Opinion: Illinois Is Ready For Gay Marriage.Nation Isn't.

Gov. Pat Quinn says he wants the General Assembly to send him a same-sex marriage bill during next month’s lame duck session.

“I hope that bill goes forward,” Quinn said of the measure, which is sponsored by Rep. Greg Harris, D-Chicago, one of three openly homosexual House members. “It’s the House that probably the key arena at this time, and I think we’ll see how the members look at that issue. They should study it carefully and vote their conscience.”
 
At the same time, the Supreme Court is planning to hear arguments on two gay rights measures: the constitutionality of the Defense of Marriage Act, and of California’s Proposition 8, a referendum that not only banned gay marriage in the state, but invalidated thousands of existing same-sex marriages.
 
Here’s hoping that the General Assembly legalizes gay marriage in Illinois -- but that the Supreme Court doesn’t legalize gay marriage nationwide.
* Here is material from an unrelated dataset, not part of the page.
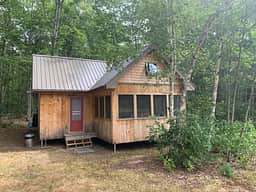 The cabin at White Duck Farm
As Emily Bazelon wrote in Slate, that would be forcing the issue on states that aren’t ready for it yet.
 
there are 100,000 LGBT couples who are now married in the United States (31 percent of whom are raising children). That’s a huge stride forward, and public opinion polls are moving in the same direction. But that doesn’t mean the Supreme Court is ready to order up gay marriage in the states that don’t have it yet. Or even that the justices should. Deciding that same-sex couples in states with same-sex marriage should receive the federal pensions and military benefits that are their due—that’s a manageable mouthful to chew. The Supreme Court should take the small bite now and leave the rest of the pie for later.
 
The analogue here is the 1973 Roe v. Wade decision, which legalized abortion in every state, at a time when only a few liberal state legislatures had approved it. The resulting backlash led to the rise of the religious right as a force in American politics, and a conservative ascendancy that lasted for decades. 
 
Gay marriage is right for Illinois, where 47 percent of voters endorsed it in a recent poll. It’s not going to be right for Texas, and it’s not worth risking another right-wing reaction by forcing it on Texas. Besides, if we have gay marriage and Texas doesn’t, that sends a message to tolerant, creative types that we’re a progressive state, and Texas isn’t.